# DIRECTIONS FOR THIS TASK
Return the data given below exactly as it appears.

# DATA BELOW
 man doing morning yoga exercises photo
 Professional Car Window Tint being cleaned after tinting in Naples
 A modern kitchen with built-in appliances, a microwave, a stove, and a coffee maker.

# ANSWER
 man doing morning yoga exercises photo
 Professional Car Window Tint being cleaned after tinting in Naples
 A modern kitchen with built-in appliances, a microwave, a stove, and a coffee maker.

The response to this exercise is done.